Zeytinlerin elle veya makine yardımıyla toplandığı hasat dönemi genellikle sonbaharda gerçekleşiyor. Elle toplanan zeytinler daha az hasar gördüğü için daha iyi kalitede zeytinyağı üretimine imkan tanıyor. Fakat piyasada mevcut zeytinyağı satışlarında oldukça dikkatli davranılması gerek. Fiyat artışları sebebiyle ucuz bulunan zeytinyağları fırsat bilinmemeli!
100-120 TL’LİK ZEYTİNYAĞI MALİYETİ OLAMAZ!
Geçen yılki 74 lira olan zeytinyağı alım fiyatları, bu sezon 295 liraya yükseldi. Ancak raflarda 315 liradan satışa sunularak yerlerini aldı. Kaliteli bir zeytinyağının 300 bandında olması vatandaşımıza biraz pahalı geliyor ve çareyi alternatiflerde arıyor. 100 ile 120 TL maliyet değerinde olan herhangi bir zeytinyağı zaten mevcut değil.
Bu işi fırsata çeviren pazarcılar, tüketicilere adeta tehdit oluşturuyor ve pazarlarda zeytinyağı esanslı başka yağlar satışa çıkarıyor. Bu yağlar insan sağlığına oldukça zararlı.
UCUZ ZEYTİNYAĞININ ZEYTİNLE ALAKASI YOK!
Analiz makinelerinden elde edilen verilere göre pazarda 100-120 TL bandında satılan zeytinyağlarının içeriğinde sadece zeytinyağı esansı bulunuyor. Pamuk yağı gibi yağların içerisine karıştırılan zeytinyağı esansı ile hazırlanan bu içerikleri vatandaşın kesinlikle tüketmemesi gerekiyor. Peki, zeytinyağı alırken nelere dikkat etmeliyiz, halis zeytinyağı nasıl anlaşılır?
ZEYTİNYAĞI ALIRKEN NELERE DİKKAT ETMELİYİZ?
Koyu renkli cam şişeler tercih edilmeli; şeffaf cam ve pet ambalajlardan kaçınılmalı. Sızma zeytinyağının pet ambalajlardaki kimyasalları çözebileceği ve bu kimyasalların insan sağlığına zarar verebileceği araştırmalarla belirtilmiştir. Şeffaf cam şişeler ise ışık geçirerek yağın bozulmasına neden olabilir.
Zeytinyağı ambalajının contalı ve vidalı olmasına dikkat edilmeli; mantar kapaklı ambalajlar tercih edilmemeli. Mantar kapaklı şişeler hava alabilir, bu da zeytinyağının oksidasyona uğramasına ve bozulmasına yol açabilir.

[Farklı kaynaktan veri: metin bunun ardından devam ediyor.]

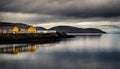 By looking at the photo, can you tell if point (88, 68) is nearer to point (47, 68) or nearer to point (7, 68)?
point (47, 68)

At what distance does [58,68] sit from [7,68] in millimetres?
4996

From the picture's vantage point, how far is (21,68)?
24.7 meters

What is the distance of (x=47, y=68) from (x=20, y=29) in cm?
9480

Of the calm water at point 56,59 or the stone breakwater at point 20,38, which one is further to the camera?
the stone breakwater at point 20,38

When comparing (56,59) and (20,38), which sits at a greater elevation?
(20,38)

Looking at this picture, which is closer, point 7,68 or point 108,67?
point 7,68

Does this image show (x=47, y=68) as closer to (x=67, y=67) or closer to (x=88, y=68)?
(x=67, y=67)

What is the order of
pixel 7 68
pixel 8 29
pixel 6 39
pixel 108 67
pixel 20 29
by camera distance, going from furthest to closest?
1. pixel 20 29
2. pixel 8 29
3. pixel 6 39
4. pixel 108 67
5. pixel 7 68

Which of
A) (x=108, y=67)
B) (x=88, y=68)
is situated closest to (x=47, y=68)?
(x=88, y=68)

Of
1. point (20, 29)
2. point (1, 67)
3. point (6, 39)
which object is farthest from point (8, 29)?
point (1, 67)

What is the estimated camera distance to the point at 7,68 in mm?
24531

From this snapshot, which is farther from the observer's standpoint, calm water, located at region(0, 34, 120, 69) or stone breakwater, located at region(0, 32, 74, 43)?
stone breakwater, located at region(0, 32, 74, 43)

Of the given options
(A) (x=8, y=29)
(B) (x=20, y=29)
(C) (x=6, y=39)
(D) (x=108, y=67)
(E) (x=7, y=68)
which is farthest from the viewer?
(B) (x=20, y=29)

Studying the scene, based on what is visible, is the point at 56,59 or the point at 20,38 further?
the point at 20,38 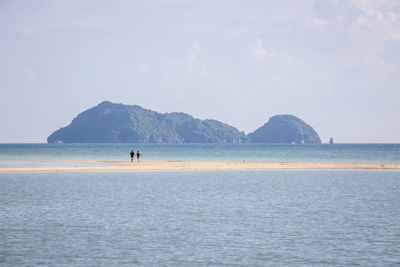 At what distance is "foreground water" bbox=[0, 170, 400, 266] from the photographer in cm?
1866

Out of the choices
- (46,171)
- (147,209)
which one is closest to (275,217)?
(147,209)

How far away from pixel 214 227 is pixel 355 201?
1475 centimetres

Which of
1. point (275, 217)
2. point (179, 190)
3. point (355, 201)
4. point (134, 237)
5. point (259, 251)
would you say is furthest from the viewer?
point (179, 190)

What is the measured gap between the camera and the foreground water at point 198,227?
61.2 feet

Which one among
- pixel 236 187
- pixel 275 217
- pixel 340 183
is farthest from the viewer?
pixel 340 183

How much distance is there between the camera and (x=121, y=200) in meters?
35.7

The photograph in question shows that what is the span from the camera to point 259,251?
771 inches

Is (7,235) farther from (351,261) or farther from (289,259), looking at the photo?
(351,261)

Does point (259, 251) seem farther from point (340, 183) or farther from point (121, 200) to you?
point (340, 183)

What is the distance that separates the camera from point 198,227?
24469 millimetres

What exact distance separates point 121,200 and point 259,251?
17863mm

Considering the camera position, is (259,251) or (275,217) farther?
(275,217)

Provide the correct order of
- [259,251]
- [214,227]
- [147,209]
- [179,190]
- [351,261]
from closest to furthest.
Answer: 1. [351,261]
2. [259,251]
3. [214,227]
4. [147,209]
5. [179,190]

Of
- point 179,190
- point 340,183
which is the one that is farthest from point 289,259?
point 340,183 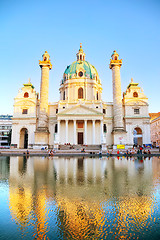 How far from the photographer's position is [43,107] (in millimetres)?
46250

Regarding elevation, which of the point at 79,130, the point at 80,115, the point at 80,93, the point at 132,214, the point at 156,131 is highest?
the point at 80,93

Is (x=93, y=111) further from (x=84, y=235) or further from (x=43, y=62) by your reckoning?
(x=84, y=235)

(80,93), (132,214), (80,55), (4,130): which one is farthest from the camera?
(4,130)

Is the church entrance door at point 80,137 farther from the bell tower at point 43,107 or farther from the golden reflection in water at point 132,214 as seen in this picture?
the golden reflection in water at point 132,214

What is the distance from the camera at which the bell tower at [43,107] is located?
44094mm

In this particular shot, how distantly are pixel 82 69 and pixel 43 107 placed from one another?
20.6m

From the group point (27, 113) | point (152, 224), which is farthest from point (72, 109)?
point (152, 224)

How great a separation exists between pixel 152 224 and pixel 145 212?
776 mm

Yağın rengi kaliteyi belirlemez; çözünebilen klorofil eklenmiş veya gıda boyası kullanılmış yağlar sizi yanıltabilir.
Ürünler güneş ışığına maruz kalmamalı; bu durumda olan sızma zeytinyağları hızla okside olabilir ve kötü kokabilir.
Etiket üzerindeki bilgilere dikkat edilmeli; üretim yılı, dolum tarihi, son kullanma tarihi, coğrafi işaret, zeytin çeşidi ve bölgesi gibi önemli bilgiler yer almalı.
Sızma zeytinyağı taze tüketilmeli; bekledikçe bozulabilir ve sağlığa yararlı fenolik bileşenleri kaybedebilir. Her sezon yeni sızma zeytinyağı tercih edilmeli.
Sızma zeytinyağı düşük sıcaklıklarda donabilir, ancak donması saf olmadığı anlamına gelmez.
Ambalaj boyutu, tüketim miktarına göre seçilmeli; büyük ambalajlar kullanılıyorsa hava alması için ek delik açılmamalı.
Ürün, karanlık, serin ve rutubetsiz bir ortamda saklanmalı; diğer kokulu maddelerden uzak tutulmalı.
Etiket ve ambalaj kontrol edilmeli; delinmiş veya sızdırmış ambalajlı ürünlerden kaçınılmalı.
Sızma zeytinyağına zarar verebilecek unsurlar: ışık, hava, sıcaklık, su ve nemdir.